As noted, the scientific rationale, preclinical development, and clinical use of IEC therapy have been extensively reviewed and will not be covered.5-13 FACT defines an IEC as “a cell that has differentiated into a form capable of modulating or affecting a specific immune response.” This definition includes the broad group of effectors listed in Table 1. Not included are hematopoietic progenitor cells and nucleated immune cells are used as unselected donor lymphocyte infusions and are covered under the FACT-JACIE Hematopoietic Cellular Therapy Standards.1 

FACT Standards for Immune Effector Cells4 and their accompanying accreditation programs have been created in response to the increasing use, clinical success, and complexity of IEC therapy. FACT developed these standards with collaborators from its founding organizations (ASTCT and ISCT), academic cell-therapy experts, and a representative of the Society for Immunotherapy of Cancer in 2018.1,14 Simultaneously, the FACT Standards unique to IECs were added to the FACT-JACIE Hematopoietic Cellular Therapy Standards (Edition 6, Version 6.1) with the acknowledgment that many transplantation programs are active in clinical trials and the therapeutic use of these products. The scope of the FACT Standards for Immune Effector Cells mirrors those developed for HCT programs and includes the clinical program and collection and processing facilities associated with IEC therapy.

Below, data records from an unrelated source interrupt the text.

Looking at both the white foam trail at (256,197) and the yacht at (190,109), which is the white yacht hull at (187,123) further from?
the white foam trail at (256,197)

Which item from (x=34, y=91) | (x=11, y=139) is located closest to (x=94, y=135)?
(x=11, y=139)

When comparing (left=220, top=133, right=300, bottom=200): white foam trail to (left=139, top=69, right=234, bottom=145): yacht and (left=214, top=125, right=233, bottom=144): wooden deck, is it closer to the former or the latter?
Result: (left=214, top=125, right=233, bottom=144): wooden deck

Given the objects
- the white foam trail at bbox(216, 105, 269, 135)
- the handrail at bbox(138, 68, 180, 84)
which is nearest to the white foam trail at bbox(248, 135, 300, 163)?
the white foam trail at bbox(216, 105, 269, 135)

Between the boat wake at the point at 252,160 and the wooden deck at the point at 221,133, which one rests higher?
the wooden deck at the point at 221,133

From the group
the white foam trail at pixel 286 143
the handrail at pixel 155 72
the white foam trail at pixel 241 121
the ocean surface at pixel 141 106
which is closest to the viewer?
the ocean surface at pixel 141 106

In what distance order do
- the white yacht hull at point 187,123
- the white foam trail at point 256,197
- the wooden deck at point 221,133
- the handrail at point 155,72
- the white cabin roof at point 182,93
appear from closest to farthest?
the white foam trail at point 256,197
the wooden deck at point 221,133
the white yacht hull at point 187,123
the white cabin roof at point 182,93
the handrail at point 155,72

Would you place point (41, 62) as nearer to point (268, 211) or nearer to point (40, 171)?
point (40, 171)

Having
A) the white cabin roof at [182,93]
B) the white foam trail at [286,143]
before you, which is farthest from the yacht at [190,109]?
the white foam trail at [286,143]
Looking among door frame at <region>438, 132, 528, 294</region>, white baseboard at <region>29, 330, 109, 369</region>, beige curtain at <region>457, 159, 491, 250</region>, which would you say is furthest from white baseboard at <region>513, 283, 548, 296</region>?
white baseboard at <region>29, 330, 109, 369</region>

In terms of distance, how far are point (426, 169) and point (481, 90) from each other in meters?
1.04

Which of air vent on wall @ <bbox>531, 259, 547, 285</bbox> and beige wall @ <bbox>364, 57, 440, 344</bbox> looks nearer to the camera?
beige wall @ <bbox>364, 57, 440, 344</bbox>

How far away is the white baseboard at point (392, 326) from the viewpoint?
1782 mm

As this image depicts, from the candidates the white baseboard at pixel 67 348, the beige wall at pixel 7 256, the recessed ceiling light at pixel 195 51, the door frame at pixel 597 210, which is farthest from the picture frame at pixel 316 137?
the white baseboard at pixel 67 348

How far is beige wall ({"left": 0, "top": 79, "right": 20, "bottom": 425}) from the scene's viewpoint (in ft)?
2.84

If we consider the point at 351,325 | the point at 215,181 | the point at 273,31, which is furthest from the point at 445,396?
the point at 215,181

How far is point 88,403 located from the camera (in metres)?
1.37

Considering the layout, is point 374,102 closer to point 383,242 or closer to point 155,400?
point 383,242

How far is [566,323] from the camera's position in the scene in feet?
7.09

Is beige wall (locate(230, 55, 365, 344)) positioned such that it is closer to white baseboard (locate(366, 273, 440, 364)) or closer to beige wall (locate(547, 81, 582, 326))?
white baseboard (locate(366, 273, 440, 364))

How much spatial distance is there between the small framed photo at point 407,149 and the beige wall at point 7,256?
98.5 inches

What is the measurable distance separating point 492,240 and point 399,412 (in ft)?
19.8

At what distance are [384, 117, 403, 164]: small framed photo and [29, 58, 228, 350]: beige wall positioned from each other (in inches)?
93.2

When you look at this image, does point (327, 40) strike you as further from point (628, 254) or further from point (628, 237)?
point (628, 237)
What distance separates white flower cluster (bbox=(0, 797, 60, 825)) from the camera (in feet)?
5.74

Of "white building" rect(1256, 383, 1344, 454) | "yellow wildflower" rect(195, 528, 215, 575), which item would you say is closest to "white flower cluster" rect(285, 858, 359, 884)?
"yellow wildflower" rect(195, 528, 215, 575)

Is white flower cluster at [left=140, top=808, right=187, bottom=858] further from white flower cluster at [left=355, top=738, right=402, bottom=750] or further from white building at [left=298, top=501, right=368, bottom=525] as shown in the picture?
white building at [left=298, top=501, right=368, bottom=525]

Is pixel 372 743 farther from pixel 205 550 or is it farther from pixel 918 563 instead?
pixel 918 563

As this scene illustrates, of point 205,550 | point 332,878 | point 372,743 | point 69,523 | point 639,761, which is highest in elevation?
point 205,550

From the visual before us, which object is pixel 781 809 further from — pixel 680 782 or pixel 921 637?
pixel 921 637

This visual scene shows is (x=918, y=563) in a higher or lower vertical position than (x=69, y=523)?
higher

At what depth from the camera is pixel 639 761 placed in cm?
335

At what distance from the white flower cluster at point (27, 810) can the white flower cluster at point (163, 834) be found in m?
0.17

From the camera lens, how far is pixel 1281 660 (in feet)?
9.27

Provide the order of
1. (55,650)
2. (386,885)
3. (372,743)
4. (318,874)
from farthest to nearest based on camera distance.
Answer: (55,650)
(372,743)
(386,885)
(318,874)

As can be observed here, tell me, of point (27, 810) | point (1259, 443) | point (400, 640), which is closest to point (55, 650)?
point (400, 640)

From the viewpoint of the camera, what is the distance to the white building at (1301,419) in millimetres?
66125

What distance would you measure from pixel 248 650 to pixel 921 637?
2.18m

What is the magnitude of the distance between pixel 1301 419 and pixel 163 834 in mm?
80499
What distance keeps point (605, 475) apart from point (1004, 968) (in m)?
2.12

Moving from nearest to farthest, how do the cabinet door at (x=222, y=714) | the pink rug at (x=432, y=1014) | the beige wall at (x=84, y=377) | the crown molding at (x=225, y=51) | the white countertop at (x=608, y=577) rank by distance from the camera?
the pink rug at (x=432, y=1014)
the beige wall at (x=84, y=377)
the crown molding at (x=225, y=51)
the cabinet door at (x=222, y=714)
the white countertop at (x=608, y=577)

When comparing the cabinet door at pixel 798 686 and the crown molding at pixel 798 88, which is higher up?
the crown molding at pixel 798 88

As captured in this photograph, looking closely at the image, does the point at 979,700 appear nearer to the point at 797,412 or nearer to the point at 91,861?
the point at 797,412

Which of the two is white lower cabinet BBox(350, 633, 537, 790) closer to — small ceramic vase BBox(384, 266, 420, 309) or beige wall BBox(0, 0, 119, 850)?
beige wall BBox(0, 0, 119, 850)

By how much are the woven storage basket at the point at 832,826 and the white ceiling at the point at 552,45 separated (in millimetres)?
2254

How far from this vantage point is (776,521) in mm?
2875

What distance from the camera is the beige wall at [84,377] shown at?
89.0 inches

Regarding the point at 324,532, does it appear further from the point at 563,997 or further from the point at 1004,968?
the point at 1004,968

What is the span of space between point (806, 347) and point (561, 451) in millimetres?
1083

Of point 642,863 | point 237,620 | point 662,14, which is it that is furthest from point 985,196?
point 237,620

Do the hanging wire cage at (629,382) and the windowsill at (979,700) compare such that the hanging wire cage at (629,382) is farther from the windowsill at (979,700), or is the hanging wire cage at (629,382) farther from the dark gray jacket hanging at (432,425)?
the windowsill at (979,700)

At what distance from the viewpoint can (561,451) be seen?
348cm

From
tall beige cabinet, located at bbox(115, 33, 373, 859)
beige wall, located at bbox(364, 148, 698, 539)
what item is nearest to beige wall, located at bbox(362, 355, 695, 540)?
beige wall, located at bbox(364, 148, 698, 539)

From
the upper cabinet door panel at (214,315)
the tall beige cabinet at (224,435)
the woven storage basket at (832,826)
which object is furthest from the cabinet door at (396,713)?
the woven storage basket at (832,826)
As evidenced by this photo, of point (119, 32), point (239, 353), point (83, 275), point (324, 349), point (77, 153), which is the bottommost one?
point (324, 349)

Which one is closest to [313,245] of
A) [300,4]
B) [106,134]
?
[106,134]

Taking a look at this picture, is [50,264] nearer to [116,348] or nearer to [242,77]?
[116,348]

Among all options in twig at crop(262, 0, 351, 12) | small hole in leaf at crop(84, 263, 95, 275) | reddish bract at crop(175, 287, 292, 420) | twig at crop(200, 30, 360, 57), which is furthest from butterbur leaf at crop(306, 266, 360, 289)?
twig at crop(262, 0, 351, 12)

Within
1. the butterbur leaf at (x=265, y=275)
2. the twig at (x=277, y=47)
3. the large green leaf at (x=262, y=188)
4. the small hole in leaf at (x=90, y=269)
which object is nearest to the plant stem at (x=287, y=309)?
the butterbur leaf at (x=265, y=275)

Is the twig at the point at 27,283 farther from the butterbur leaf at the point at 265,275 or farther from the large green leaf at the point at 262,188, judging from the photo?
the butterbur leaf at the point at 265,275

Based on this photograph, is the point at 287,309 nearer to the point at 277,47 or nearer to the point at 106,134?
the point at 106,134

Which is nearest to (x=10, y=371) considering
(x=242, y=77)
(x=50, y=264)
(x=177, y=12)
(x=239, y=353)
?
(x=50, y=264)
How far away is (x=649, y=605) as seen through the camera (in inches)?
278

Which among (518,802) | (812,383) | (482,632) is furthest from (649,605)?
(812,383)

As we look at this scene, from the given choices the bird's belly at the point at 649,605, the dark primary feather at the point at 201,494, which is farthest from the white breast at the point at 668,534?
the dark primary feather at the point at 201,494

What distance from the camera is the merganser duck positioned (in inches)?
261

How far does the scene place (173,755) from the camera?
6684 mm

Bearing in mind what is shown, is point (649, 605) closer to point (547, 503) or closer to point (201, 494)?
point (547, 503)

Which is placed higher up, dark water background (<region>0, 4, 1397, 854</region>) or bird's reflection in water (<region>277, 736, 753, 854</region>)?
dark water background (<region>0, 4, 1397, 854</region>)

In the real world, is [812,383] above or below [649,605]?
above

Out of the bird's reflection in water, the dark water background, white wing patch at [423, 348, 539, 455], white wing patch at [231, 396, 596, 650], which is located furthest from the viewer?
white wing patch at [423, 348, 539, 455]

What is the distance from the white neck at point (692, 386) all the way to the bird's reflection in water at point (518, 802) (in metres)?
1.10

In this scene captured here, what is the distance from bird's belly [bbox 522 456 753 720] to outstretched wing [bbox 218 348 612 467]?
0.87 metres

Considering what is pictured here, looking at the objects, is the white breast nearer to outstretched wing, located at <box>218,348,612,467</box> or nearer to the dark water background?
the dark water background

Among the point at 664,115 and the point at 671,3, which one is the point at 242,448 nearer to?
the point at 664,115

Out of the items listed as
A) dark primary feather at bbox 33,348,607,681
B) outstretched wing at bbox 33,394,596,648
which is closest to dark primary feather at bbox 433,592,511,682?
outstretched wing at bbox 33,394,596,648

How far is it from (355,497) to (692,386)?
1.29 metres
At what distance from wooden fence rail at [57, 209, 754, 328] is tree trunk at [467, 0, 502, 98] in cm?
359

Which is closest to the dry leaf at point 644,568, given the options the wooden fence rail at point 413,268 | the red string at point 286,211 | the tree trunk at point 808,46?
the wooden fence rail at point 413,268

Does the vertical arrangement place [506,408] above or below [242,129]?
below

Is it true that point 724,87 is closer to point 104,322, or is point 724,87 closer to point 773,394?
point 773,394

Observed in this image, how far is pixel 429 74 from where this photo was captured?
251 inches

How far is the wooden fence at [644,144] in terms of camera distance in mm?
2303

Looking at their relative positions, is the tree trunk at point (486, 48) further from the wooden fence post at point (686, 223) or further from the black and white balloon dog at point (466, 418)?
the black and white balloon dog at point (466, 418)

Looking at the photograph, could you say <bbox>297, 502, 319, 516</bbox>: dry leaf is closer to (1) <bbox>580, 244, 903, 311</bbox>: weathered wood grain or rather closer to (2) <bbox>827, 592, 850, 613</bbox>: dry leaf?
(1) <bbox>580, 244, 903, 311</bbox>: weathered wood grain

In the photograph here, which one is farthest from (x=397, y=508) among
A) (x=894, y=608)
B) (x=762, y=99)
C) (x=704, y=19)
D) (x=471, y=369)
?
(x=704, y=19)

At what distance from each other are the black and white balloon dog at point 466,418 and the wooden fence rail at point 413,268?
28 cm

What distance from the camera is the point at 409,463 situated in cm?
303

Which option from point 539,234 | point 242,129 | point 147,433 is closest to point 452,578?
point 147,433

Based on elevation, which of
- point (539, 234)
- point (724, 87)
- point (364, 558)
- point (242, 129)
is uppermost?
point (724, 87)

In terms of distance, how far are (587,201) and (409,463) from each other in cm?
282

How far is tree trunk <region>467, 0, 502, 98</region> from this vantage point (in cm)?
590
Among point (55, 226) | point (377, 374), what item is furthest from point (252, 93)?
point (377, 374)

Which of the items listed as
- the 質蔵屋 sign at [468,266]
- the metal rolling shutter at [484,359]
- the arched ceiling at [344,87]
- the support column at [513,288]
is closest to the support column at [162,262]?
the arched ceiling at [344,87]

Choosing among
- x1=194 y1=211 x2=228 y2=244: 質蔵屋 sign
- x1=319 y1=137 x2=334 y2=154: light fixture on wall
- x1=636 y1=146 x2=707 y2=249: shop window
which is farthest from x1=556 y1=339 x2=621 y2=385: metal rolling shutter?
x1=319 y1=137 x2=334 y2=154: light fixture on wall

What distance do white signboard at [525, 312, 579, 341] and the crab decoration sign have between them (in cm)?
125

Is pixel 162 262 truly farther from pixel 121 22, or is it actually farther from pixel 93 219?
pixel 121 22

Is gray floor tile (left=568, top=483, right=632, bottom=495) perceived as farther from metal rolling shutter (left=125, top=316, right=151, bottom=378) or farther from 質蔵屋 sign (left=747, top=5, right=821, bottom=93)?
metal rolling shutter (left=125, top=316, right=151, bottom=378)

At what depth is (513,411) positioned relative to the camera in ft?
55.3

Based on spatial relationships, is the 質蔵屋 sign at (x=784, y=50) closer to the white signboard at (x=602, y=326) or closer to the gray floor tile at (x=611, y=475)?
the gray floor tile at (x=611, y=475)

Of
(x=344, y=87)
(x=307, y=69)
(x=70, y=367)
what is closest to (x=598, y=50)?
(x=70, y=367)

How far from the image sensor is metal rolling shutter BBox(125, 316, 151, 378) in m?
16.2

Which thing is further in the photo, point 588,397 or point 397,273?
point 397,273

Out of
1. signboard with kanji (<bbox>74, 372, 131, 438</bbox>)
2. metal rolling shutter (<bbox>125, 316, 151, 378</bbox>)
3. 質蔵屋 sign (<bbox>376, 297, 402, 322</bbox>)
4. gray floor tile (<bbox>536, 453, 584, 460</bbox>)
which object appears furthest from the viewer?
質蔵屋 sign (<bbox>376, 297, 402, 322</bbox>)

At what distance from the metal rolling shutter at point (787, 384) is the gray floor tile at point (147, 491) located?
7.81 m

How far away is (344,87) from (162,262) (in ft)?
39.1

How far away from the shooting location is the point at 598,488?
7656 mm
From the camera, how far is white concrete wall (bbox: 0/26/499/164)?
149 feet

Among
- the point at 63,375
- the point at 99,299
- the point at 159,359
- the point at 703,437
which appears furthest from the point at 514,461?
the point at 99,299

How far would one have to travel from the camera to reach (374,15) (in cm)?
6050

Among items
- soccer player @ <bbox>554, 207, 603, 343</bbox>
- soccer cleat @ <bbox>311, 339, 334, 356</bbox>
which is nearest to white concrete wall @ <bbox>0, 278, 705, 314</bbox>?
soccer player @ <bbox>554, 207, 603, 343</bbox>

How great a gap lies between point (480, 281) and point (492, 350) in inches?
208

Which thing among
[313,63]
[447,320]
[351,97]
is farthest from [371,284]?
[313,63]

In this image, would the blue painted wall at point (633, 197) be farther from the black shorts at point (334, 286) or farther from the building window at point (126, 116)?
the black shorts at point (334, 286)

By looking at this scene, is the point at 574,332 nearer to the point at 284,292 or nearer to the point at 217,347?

The FACT Standards and accreditation do not outline the requirements for the scientific validity of IEC therapies or cover commercial manufacturing companies; rather, they expect a robust quality/safety program in which the source material is collected/handled and subsequently where final therapies are received, handled, and administered. Adherence to the FACT Standards requires the development of a program infrastructure that encompasses a comprehensive quality management program with provider training in the specific therapies administered and the development of written protocols and/or standard operating procedures (SOPs) on the clinical usage of IECs. These SOPs encompass patient selection, product collection/procurement, product administration, adverse event management, and evaluation and reporting of safety/outcome end points (preferably via the Center for International Blood and Marrow Transplant Research). Essential to the successful implementation of a robust quality management plan is the continuous self-assessment of the effectiveness of SOPs in the safe and effective use of IEC therapy. The standards are applicable wherever IECs are administered and are meant to improve the safety and quality of clinical trials, regulatory approval, commercialization, and reimbursement of IEC therapy, thereby increasing patient access to these life-saving treatments.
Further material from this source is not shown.